Didn't we all learn that from Tom Hanks' drunken and sour character in "A League of Their Own"?
Apparently, the U.S Speedskating team never saw the movie, got the message, or didn't feel
it applied to their world that seems to have more drama than an episode of the Kardashians.
Since Eric Heiden dominated the 1980 Olympic Games in his electric gold racing suit, the
Americans have been a fixture on the medal stand. However, in Sochi, there have been no
medals or smiling faces. The United States has performed worse than the Jamaican bobsled
team and there have been enough tears to fill up that six-inch space between Justin Bieber's ears.
All because of the racing suits. Yep, their Under Armour-made racing suits are to blame.
(Insert Allan Iverson's tone and theatrics here)
"We're talking about the suits, not thunder thighs or an incredible work ethic, but suits! Not
great technique or mental toughness, but specially-crafted, aerodynamically perfected suits!
No, not heart, will, or desire, but skin-tight racing suits!"
In the first six speedskating races in Sochi, no American finished higher than seventh.
Of course, it just had to be because of their new Mach 39 Under Armour racing suits.
You know, the ones skater Patrick Meek proclaimed to be "the fastest speedskating suit
ever made", before the Olympics?
You know, those skin-tight, ultra-light ones developed in partnership with Lockheed Martin
— the aerospace and military contractor — and promised the best aerodynamics yet.
You know, the ones the Maryland football program thought would lead them to national
prominence. Wait, sorry, wrong sport.
You know, the ones the U.S Slow-skaters seem to be crying about since they don't have
any medals around their necks.
"The best thing would have been to make sure that these suits were what the people said
they were, so that we can actually know going into the races instead of finding out on one
of the biggest races of our lives," Davis told the Associated Press.
Man, if a reality show producer needs some new talent for the "Housewives" of everywhere
series, he won't have far to look for Terrell Owen-sized divas. Lord, help us.

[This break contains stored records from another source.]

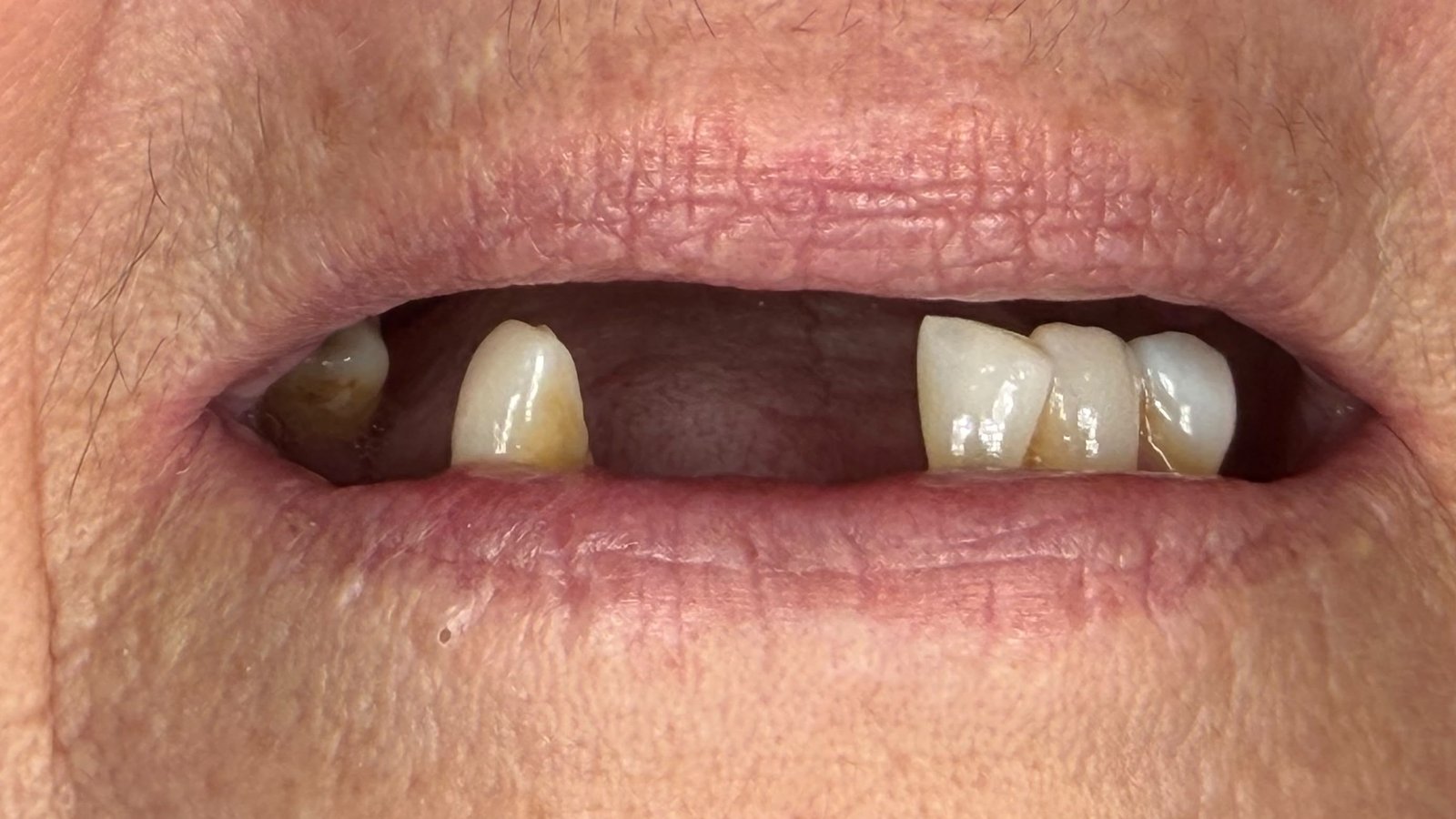 denture_dplus_1_before_v2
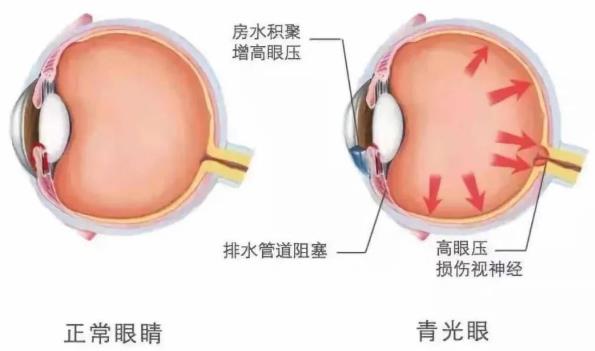 青光眼的高發人群是哪些人 合肥愛爾眼科醫院專家解答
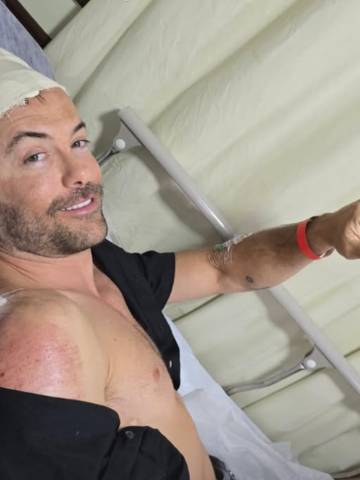 Kayky Brito sofre acidente de bicicleta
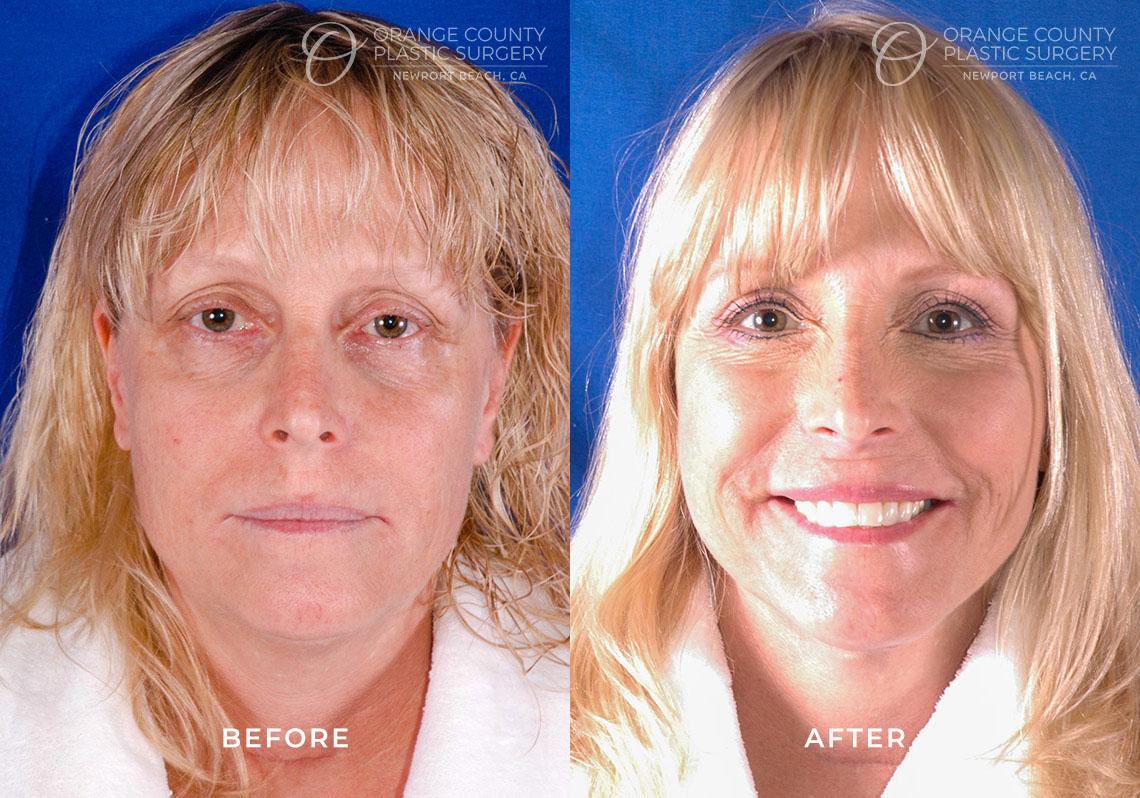 Orange County Plastic Surgery result — Newport Beach, CA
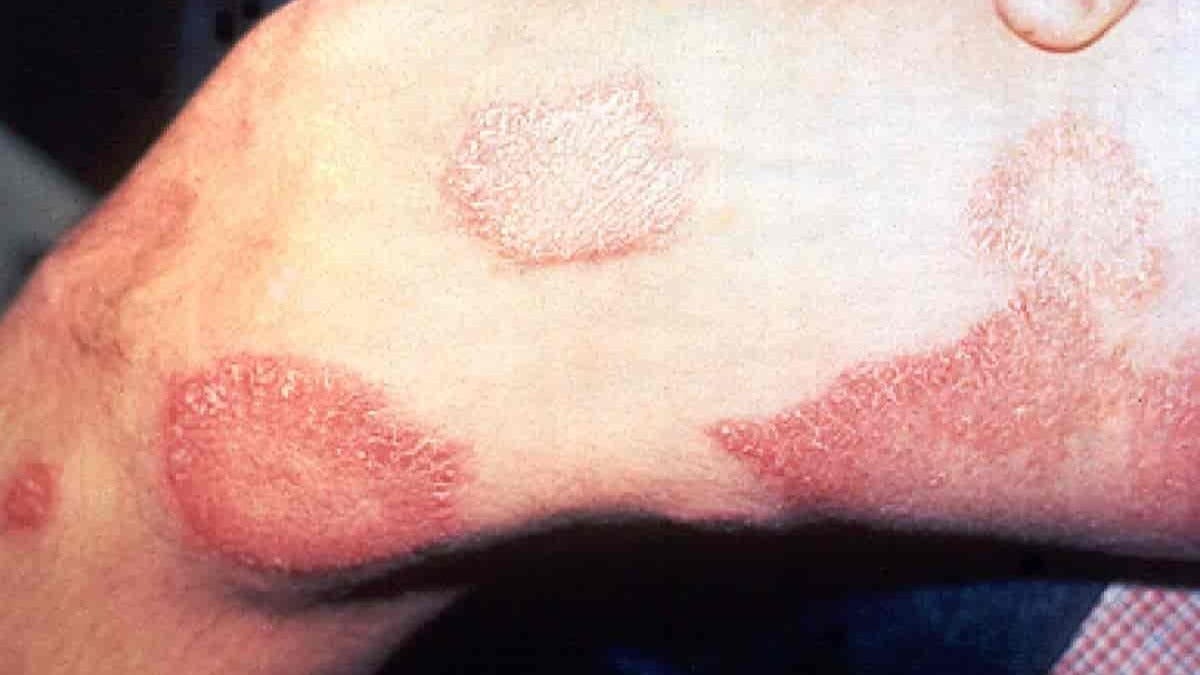 Leprosy’s Rising Spread in Florida: Armadillos & Soil Exposure Raise Concerns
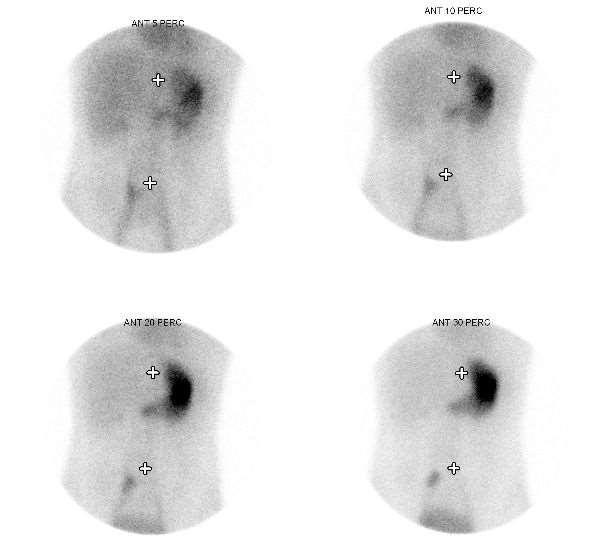 Radiofarmakon: 99mTc-pertechnetát i.v. Gyomor mucosa kiválasztja, az ectopiás is!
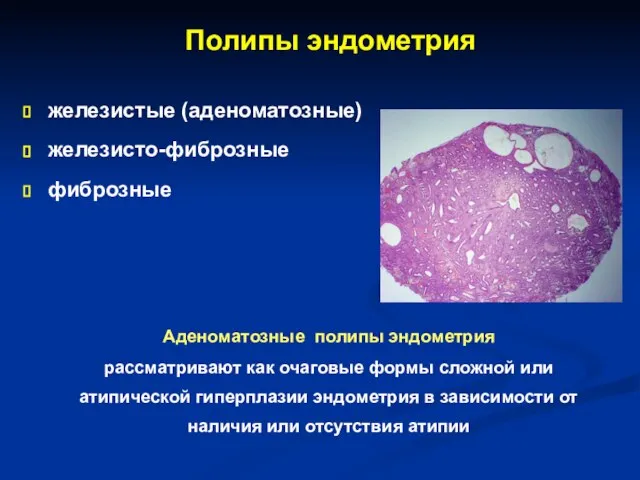 Полипы эндометрия железистые (аденоматозные) железисто-фиброзные фиброзные Аденоматозные полипы эндометрия рассматривают как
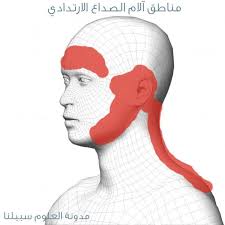 الصداع الارتدادي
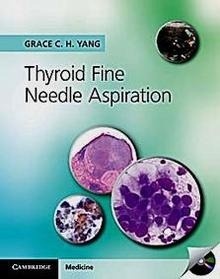 Thyroid Fine Needle Aspiration + CD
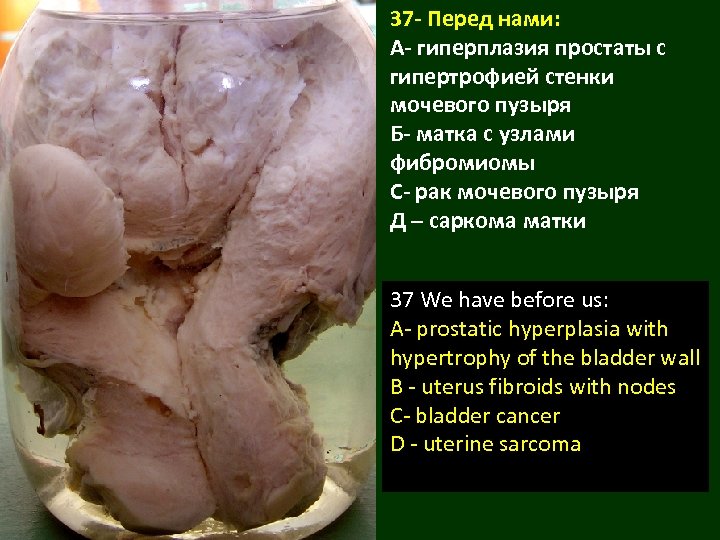 37 - Перед нами: А- гиперплазия простаты с гипертрофией стенки мочевого пузыря Б- матка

And by the way, Shani. Did you and the U.S. Skating Federation just find out your Olympic
events were this week? You had years to figure out if these suits were OK and you're
complaining about it now?
Look, I understand a little something about wind resistance and all that stuff when it comes
to better performance. I get it. But the Americans blaming their poor performances on their
suits is really bad form.
It'd be like Tiger Woods crying about the graphite shaft of his Nike driver after air-mailing
another drive two fairways over and hitting another patron on the head.
It'd be like Roger Federer losing to Rafael Nadal in another big Grand Slam event and
complaining because his headband was too thick and too tight.
It'd be like the Upton brothers blaming all 285 strikeouts of their strikeouts last summer
on their flame-tempered Louisville Slugger bats.
You just don't do it.
The American slow-skaters were so freaked out by their performance in the first
six events, they switched out of their new suits into the Under Armour-models they
wore when they dominated the World Cup. Yeah, that'll do it. Gold medal stand, here
You know what happened?
Well, let's just say than no American still hasn't finished better than seventh. Wow, it
must've been the skates, not the suits.
I listened to an NBC reporter's interview with Davis and of course, the subject of the suits
came up. I just did a SMH, or whatever people call it these days. Davis looked like a
child who didn't get the present he wanted from Toys R Us.
Nike should bring back Mars Blackmon and mock Under Armour and their suits with a
commercial announcing to the world that "it's gotta be the suits, Michael, is just gotta be
the suits." Yes, it would be bad form, but it'd be pretty darn funny.
Incidentally, the Dutch national team is wearing new high-tech suits during the Olympics,
too. They've won 13 medals through seven events.
Michael, it's gotta the suits! It's just gotta be the suits!